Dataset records
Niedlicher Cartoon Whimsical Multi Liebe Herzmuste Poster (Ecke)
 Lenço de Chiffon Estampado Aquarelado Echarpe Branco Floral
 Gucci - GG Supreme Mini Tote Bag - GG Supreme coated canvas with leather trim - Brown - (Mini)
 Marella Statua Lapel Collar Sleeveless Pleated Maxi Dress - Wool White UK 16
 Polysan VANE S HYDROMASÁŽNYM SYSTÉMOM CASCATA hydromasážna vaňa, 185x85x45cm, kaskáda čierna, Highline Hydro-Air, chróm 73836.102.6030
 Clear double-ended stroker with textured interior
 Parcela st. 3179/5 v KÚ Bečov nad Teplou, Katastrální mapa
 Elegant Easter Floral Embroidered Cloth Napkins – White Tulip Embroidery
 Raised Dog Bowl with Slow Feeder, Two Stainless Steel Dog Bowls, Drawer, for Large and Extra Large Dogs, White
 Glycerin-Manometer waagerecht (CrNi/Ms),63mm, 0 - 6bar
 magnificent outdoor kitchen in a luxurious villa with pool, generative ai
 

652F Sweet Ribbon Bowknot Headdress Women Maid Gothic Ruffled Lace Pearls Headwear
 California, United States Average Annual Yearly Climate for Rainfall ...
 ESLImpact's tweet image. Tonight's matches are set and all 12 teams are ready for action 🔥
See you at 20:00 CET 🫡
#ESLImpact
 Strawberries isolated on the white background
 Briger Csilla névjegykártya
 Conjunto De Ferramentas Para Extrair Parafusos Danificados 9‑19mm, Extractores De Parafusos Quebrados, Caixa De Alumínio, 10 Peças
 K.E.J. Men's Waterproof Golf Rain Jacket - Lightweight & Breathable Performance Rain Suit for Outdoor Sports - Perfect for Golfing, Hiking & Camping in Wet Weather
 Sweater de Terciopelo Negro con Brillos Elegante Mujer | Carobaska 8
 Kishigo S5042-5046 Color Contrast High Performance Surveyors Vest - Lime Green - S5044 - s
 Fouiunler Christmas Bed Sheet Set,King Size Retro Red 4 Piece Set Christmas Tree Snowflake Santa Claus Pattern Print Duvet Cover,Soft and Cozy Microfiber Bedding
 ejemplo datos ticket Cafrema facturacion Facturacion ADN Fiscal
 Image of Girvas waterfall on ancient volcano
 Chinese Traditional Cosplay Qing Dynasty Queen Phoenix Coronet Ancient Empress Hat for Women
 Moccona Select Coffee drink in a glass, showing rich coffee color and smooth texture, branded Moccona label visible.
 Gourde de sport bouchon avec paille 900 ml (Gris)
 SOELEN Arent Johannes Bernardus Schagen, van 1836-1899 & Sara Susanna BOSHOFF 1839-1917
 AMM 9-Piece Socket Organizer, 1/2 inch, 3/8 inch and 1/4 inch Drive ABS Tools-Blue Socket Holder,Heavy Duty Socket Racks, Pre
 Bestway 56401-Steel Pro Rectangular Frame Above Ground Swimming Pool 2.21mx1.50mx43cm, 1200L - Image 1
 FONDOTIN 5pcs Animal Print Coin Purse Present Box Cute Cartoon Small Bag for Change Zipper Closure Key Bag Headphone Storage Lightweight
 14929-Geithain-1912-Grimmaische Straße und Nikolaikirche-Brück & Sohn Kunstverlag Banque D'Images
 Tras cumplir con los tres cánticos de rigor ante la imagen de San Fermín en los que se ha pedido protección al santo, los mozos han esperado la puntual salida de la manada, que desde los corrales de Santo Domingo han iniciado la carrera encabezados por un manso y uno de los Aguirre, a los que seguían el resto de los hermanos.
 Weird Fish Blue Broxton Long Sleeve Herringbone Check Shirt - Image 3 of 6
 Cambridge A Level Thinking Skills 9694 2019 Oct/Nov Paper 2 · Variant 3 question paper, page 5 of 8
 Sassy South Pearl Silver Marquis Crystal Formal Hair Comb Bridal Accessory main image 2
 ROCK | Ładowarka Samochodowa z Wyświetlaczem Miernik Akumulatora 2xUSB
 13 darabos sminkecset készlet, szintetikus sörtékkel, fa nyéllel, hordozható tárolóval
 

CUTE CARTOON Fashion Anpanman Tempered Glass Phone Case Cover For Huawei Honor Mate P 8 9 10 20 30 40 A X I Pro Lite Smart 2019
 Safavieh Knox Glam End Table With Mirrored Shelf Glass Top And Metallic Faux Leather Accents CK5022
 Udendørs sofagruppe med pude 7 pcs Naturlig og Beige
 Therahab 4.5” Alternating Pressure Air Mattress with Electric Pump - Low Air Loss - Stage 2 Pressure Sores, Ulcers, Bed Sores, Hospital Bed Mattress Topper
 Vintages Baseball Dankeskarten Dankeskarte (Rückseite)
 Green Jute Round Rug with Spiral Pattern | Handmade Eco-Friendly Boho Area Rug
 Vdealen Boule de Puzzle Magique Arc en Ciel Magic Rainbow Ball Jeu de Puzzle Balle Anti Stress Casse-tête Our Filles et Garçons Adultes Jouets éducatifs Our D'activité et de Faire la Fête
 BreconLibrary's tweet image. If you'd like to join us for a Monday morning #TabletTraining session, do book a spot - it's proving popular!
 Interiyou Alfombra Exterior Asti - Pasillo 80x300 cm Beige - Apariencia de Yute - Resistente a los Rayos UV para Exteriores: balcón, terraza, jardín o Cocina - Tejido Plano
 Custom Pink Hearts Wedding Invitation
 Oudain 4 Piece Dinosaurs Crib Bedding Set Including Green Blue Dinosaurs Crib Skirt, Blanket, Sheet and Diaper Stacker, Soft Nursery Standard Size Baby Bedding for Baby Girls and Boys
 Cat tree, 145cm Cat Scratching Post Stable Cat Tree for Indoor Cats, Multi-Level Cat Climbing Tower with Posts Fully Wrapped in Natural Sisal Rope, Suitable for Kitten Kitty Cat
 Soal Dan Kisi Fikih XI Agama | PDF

_Task instructions_.
From the line holding "13 darabos sminkecset" to the line holding "Safavieh Knox Glam", inclusive, restate each line above exactly as written.

_Exercise answer_.
 13 darabos sminkecset készlet, szintetikus sörtékkel, fa nyéllel, hordozható tárolóval
 

CUTE CARTOON Fashion Anpanman Tempered Glass Phone Case Cover For Huawei Honor Mate P 8 9 10 20 30 40 A X I Pro Lite Smart 2019
 Safavieh Knox Glam End Table With Mirrored Shelf Glass Top And Metallic Faux Leather Accents CK5022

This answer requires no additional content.